There is a spinner fisherman who often has 100 plus fish days. One of my goals when I was up in the mountains was to attempt to meet that goal. I did have a 110 fish day. All of the fish I caught were Brook Trout. The fish were from 4 to 17 inches. Since I was following the advice of refreshing my line after every 20 minutes of casting or every 3 fish, I switched between spinners and spoons several times. To reach my goal, I covered 2.5 miles of water on one stream and 1 mile on a smaller creek and about 3/4 of a mile on another creek as well as 9 fish from a dredge pond.

The advantage that I had is the area I was fishing had been closed since November and I was the first one to fish these streams since last fall. Besides, they often don't get fished even when it is open. In the 4 years I have fished up there, I have seen one other fisherman. In my two and a half days up there, I was the only one around. I had ideal conditions.

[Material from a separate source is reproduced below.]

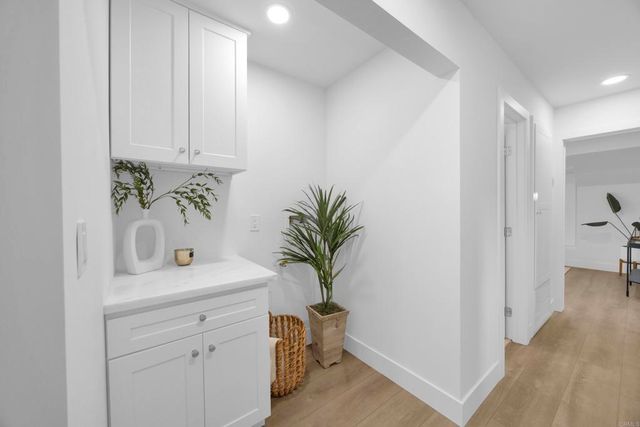 3221 Kempton Drive, Los Alamitos, CA 90720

I began my day spinner fishing. To be totally candid, this is the first time I have spinner fished in a stream. I used all of the lessons learned over the years fly fishing for trout. I had a good idea where I should be placing the lure and where the trout ought to be. Eighty percent of this water I had fished before, so I knew where most of the good spots are too.

I was fishing with the Tenyru Spectra RZS51LL and Shimano Cardiff reel with 4 pound test line. By following the routine of refreshing the line, I didn't lose any lures. I had many bumps during the day on spinners and spoons. I only counted fish landed. Casting with the Spectra is a dream! I would say well over 70% of the fish were taken out of pocket water or undercuts. With a spinner, I simply cast above where I thought the trout was by 3-6 feet, let the spinner settle some, and then reel the spinner by the suspected lair, and more times than not, it was "Wham" fish on! I had about 20 follows. I did the figure 8 at my feet but only caught one fish doing it. So when it came to spinner fishing, getting a nice speed on the spinner casting upstream and retrieving downstream at a speed that made the spinner spin effectively, I had good action. Most fish were caught within the first 8 feet of the retrieve. Most casts were 15 to 25 feet.

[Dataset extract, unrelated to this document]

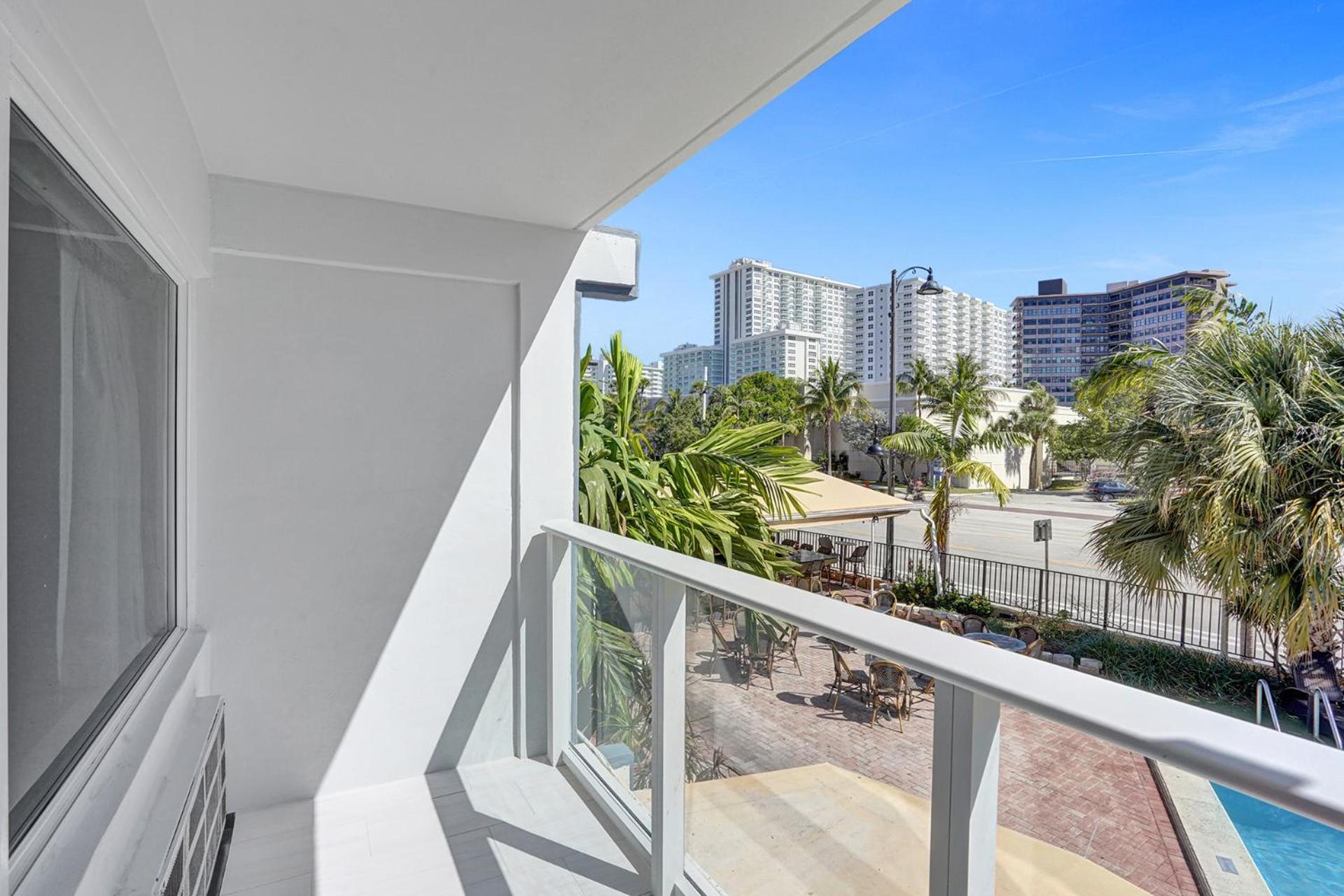Royal Beach Palace Fort Lauderdale Exterior photo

I found spoons worked the same way the spinners as long as I had a good wobble with the spoon. However, when I finally got to some of the nicer pools, the spoons really began to outperform the spinner. Since the water was very clear, I could see what was going on many times. When I cast the spinner, often the fish would move toward it and follow but not strike.

With a spoon, I could manipulate the action easier. I tried letting the spinner settle several times to the bottom, and then begin the retrieve again. No reaction from the trout. With a spoon, I let it drop and jigged it several times. That jigging action resulted in several hook-ups. The Diawa 2.5 gram Crusader spoons have a lot of latitude in the retrieve speed, and that versatility was very helpful in catching a lot of fish. Fishing with a varied retrieve often brought violent strikes.

I had one trout follow the Crusader three times. Since the pool ended in a shallow riffle, he simply turned and went back to the middle back of the pool. On the fourth try, he followed again, but I had stepped to the left and was retrieving where I could move my rod about 80 degrees. I slowed the retrieve slightly, moved the rod and gave it two quick cranks like a fish trying to get away. He turned, and "Wham" fish on.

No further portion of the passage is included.